A Class Cross Section

Many different kinds of women are attracted to a serious Bible-study class. In our class eighteen groups are represented, including Roman Catholic, Greek Orthodox, Christian Scientist, Plymouth Brethren, Bible churches, Episcopal, and Presbyterian, and there are nineteen persons who claim no church.

A beautician who had little connection with a church before closes up her shop every Tuesday morning and comes to Bible class. The mayor’s wife pushes aside her many responsibilities to come. A beautiful young housewife who recently earned an M.A. degree bundles up a couple of toddlers and comes. Several professional women drive across the city to get to the class.

“I like a class where Bible study is taken seriously,” they say. And, “It’s a challenge to have something to work on at home.”

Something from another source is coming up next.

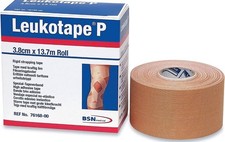 28X Leukotape P Adhesive Strapping Tape for Sports Injuries Strains  Sprains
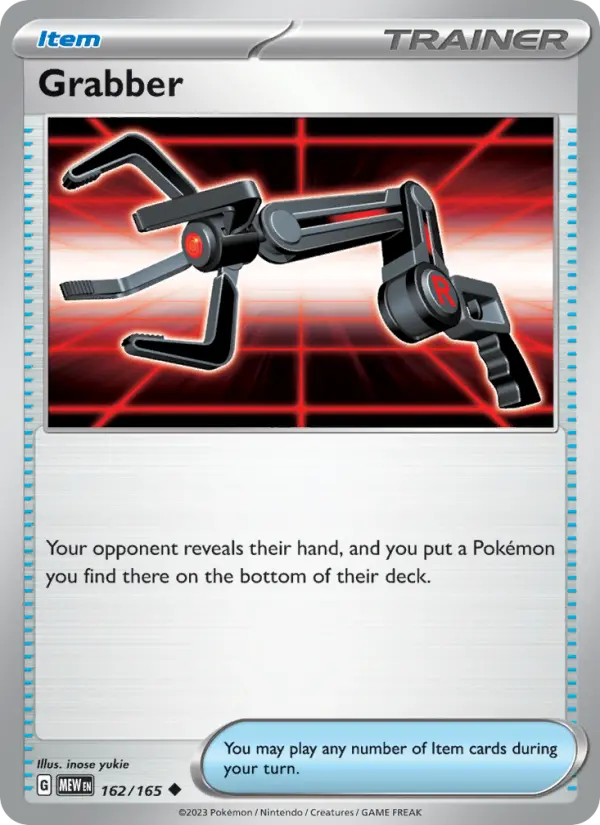 Grabber - 151 Pokemon Card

A woman’s schedule is subject to interruptions, for a new baby, perhaps, or for sickness in the family. We tape-record the lessons for these people, and some of the tapes have found their way to Canada, Florida, and other states. Sometimes little groups of neighbors gather to listen to the tapes and keep up their lessons that way. Once a woman showed up at the closing luncheon of the year, when awards are made for completed work, with her notebook all in order. She had been at class only twice all year, because of a new baby, but she had kept up at home.

Teaching a Bible class is a great ministry for a minister’s wife—she can use her husband’s library—or for any woman who wants to build up a little library of her own and devote her spare time to studying out the riches of God’s Word.